Tip: The latest release of Code Suggestions supports multiline instructions. You can refine the specifications to your needs to get better suggestions. We will practice this method throughout the blog post.

Learning a new programming language: Python

Now, let's dig into learning Python, which is one of the supported languages in Code Suggestions.

Before diving into the source code, make sure to set up your development environment.

Development environment for Python

1. Create a new project learn-python-ai in GitLab, and clone the project into your development environment. All code snippets are available in this "Learn Python with AI" project.

git clone https://gitlab.com/NAMESPACE/learn-python-ai.git

cd learn-python-ai

git status

2. Install Python and the build toolchain. Example on macOS using Homebrew:

brew install python

3. Consider adding a .gitignore file for Python, for example this .gitignore template for Python.

You are all set to learn Python!

Hello, World

Start your learning journey in the official documentation, and review the linked resources, for example, the Python tutorial. The library and language reference documentation can be helpful, too.

Tip: When I touched base with Python in 2005, I did not have many use cases except as a framework to test Windows 2000 drivers. Later, in 2016, I refreshed my knowledge with the book "Head First Python, 2nd Edition," providing great practical examples for the best learning experience – two weeks later, I could explain the differences between Python 2 and 3. You do not need to worry about Python 2 – it has been deprecated some years ago, and we will focus only on Python 3 in this blog post. In August 2023, "Head First Python, 3rd Edition" was published. The book provides a great learning resource, along with the exercises shared in this blog post.

Create a new file hello.py in the root directory of the project and start with a comment saying # Hello world. Review and accept the suggestion by pressing the tab key and save the file (keyboard shortcut: cmd s).

# Hello world

Commit the change to the Git repository. In VS Code, use the keyboard shortcut ctrl shift G, add a commit message, and hit cmd enter to submit.
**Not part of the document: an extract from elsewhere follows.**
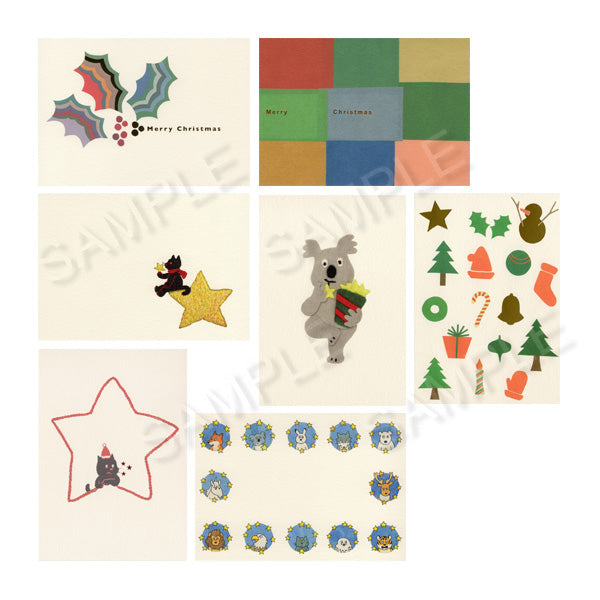 Yayoi Fujiwara yaya144 Postcard Set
Use the command palette (cmd shift p) and search for create terminal to open a new terminal. Run the code with the Python interpreter. On macOS, the binary from Homebrew is called python3, other operating systems and distributions might use python without the version.

python3 hello.py

Tip: Adding code comments in Python starting with the # character before you start writing a function or algorithm will help Code Suggestions with more context to provide better suggestions. In the example above, we did that with # Hello world, and will continue doing so in the next exercises.

Add hello.py to Git, commit all changes and push them to your GitLab project.

git add hello.py

git commit -avm "Initialize Python"

git push

The source code for all exercises in this blog post is available in this "Learn Python with AI" project.

Start learning Python with a practical example

The learning goal in the following sections involves diving into the language datatypes, variables, flow control, and functions. We will also look into file operations, string parsing, and data structure operations for printing the results. The exercises will help build a command-line application that reads different log formats, works with the data, and provides a summary. This will be the foundation for future projects that fetch logs from REST APIs, and inspire more ideas such as rendering images, creating a web server, or adding Observability metrics.

As an experienced admin, you can put the script into production and use real-world log format exmples. Parsing and analyzing logs in stressful production incidents can be time-consuming. A local CLI tool is sometimes faster than a log management tool.

Let's get started: Create a new file called log_reader.py in the directory root, add it to Git, and create a Git commit.

Define variables and print them

As a first step, we need to define the log files location, and the expected file suffix. Therefore, let's create two variables and print them. Actually, ask Code Suggestions to do that for you by writing only the code comments and accepting the suggestions. Sometimes, you need to experiment with suggestions and delete already accepted code blocks. Do not worry – the quality of the suggestions will improve over time as the model generates better suggestions with more context.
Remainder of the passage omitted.